Every summer I was there the church experienced a "Running of the Volunteers". It seemed like dozens of strangers would fill the building all summer long, fixing it up and playing with kids in the outreach programs, every day between 10am and 2pm. In reality the whole process probably only happened a half dozen times in the four years I attended the church, but it seems like dozens in my memory. The building seemed to hum, filled with the newness of clean work clothes and propped up by shiny white 15 passenger vans that came from another part of the city, or another part of the country. These were exotic people to us, with their shiny faces and new stuff. Their very presence confused me.

My friends and I would stalk the work zones where these people had set up shop. More than once we asked if we could help, and every time we were asked to leave "their" work spaces, and asked to leave the volunteers alone. Oh, the confusion!

It took me years to learn what this situation taught me. I found a fast friend when I discovered Australian Aboriginal Lila Watson's quote in which she said, "If you have come to help me, you are wasting your time. If you have come to because your liberation is bound up in mine, we can work together." Her rejection of horizontal need-oriented relationships spoke to my center. I wanted servers to acknowledge the inherent benefit they receive from serving others; I wanted those served to see they give something in addition to receiving. Soon after I read a speech by revolutionary Ivan Illich in which he skewered volunteerism overseas called, "To Hell With Good Intentions." I knew I was on a right track.

I began developing teaching models to explain this, first creating a Ladder of Volunteer Participation that named the different ways volunteers engage in the communities where they serve. It intrigued me to consider there were different positions in this inherently hierarchical perspective. I taught this model actively for a few years, and received considerable interest from AmeriCorps volunteers and others who wanted to understand their own assumptions and beliefs about why they were doing what they were doing.

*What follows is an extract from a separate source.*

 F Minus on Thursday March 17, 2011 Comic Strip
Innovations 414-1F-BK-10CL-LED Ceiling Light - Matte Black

However, I grew uncomfortable with the ease with which learners would read through the piece and then lob it aside. This was pushed further when I read an article in The Atlantic magazine by the great  Uruguayan author Eduardo Galeano, who wrote,
"I don't believe in charity. I believe in solidarity. Charity is vertical, so it's humiliating. It goes from the top to the bottom. Solidarity is horizontal. It respects the other and learns from the other. I have a lot to learn from other people."

It was from Galeano that I began to understand that different people come to serve others through different motivations and perceptions of the people they serve. Reflecting on that, I came across the idea that there were a range of perspectives that informed our service toward others. In the mid 2000s I started teaching about these Perspectives, and in 2005 I created a handout called "Check Yourself: What’s Your Motive?" that alluded to my purpose in teaching people to examine their assumptions.

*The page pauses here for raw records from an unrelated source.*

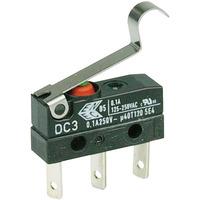 Cherry DC3C-L1SC Microswitch SPDT 0.1A 250V AC, Medium Sim Roller, ...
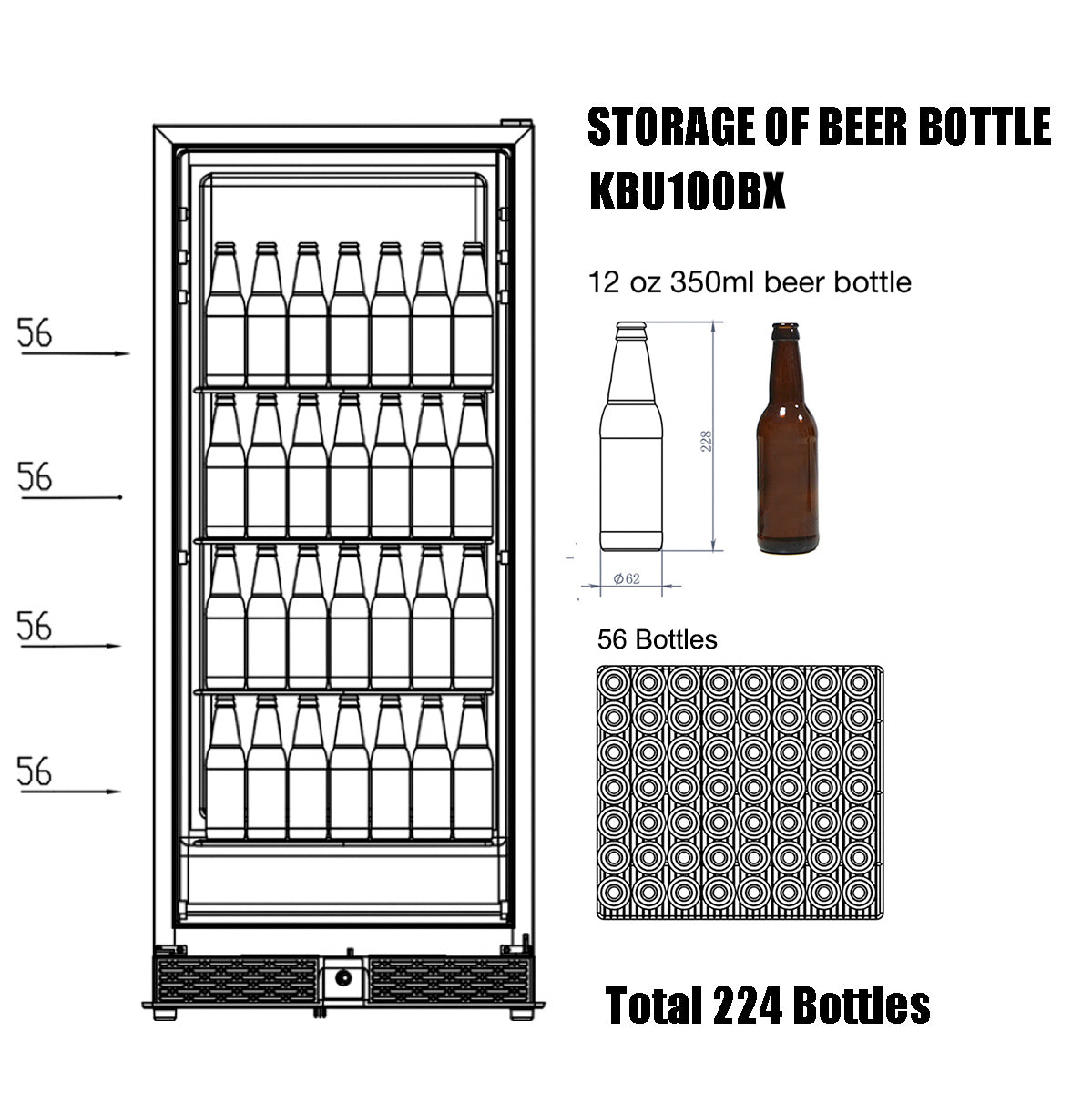 KBU100B Storage of Beer Bottle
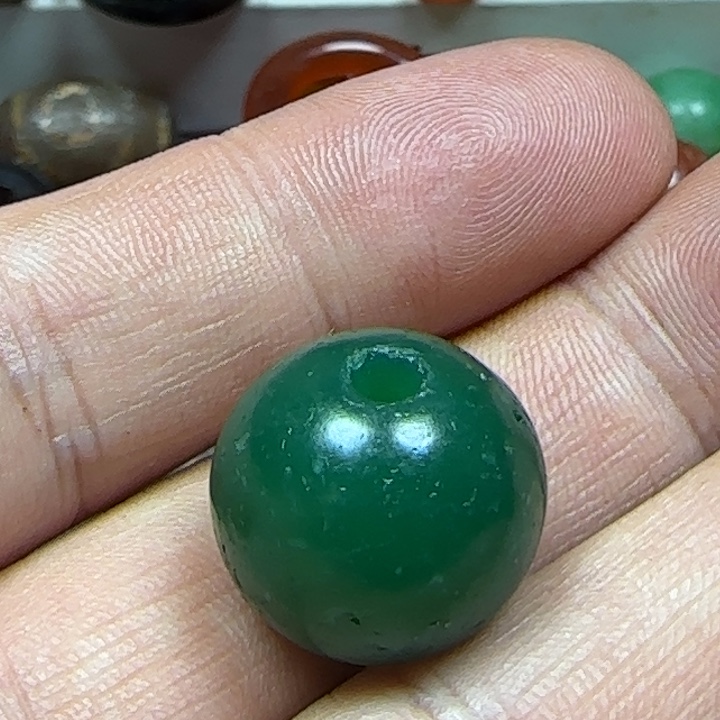 浪***哥玛瑙/玉髓合金耳钉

I continued to grow and learn. Toward 2008 I became increasingly interested in how these perspectives held true throughout our society in dozens of different kinds of relationships. In my continuing studies of the power dynamics between adults and young people, I found the model rang true. I expanded on the main perspectives I identified earlier, and created a page on The Freechild Project website called Perceptions of Youth. This allowed me to continue teaching the model, but with a quicker focus for students who wanted to learn specifically about how the perceptions of children and youth informed adults biases against young people.

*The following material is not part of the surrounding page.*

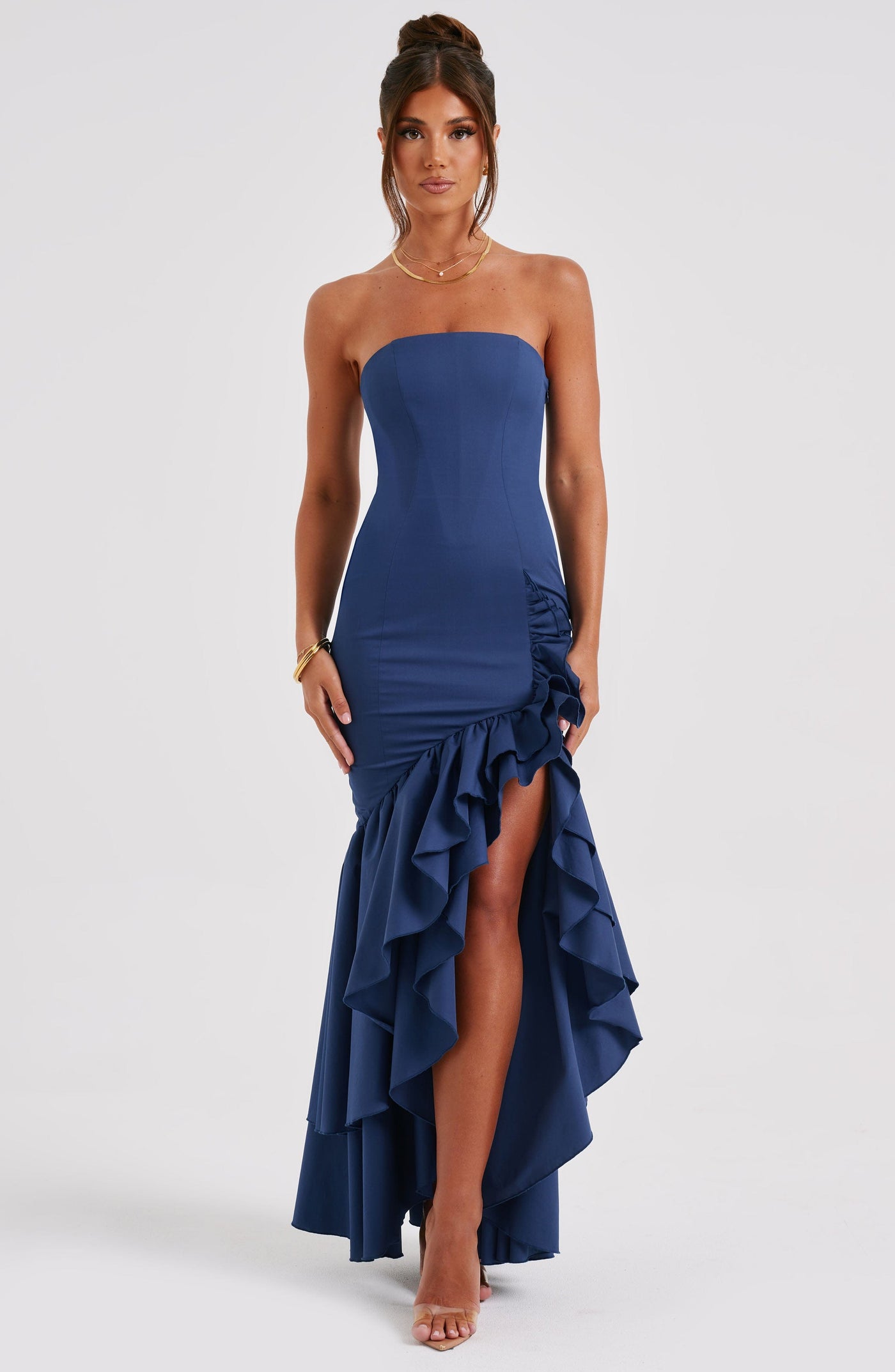 Angelina Maxi Dress - Navy Blue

Over the last year I have been further developing my own perspectives about serving others. I became interested in the reciprocal benefits of service, and how they affected the giver particularly. I discovered a rich vein of interest in the wider world focused on personal engagement, and my own interest in what motivated it was piqued. Last year I read an interview with Burmese democracy leader Aung San Suu Kyi, who had been imprisoned by her own government for more than a decade because of her leadership. In the course of that confinement she was asked by a reporter about the sacrifices she made, and she replied,
‎"I do not believe that I’m sacrificing. In fact, I feel very uneasy when others used the word sacrifice to describe my life. It sounds like I’m demanding returns for my investments. I chose to walk on this journey, because I solely believed in it and wholeheartedly decided to do so, and I’m willing and able to pay for the consequences…"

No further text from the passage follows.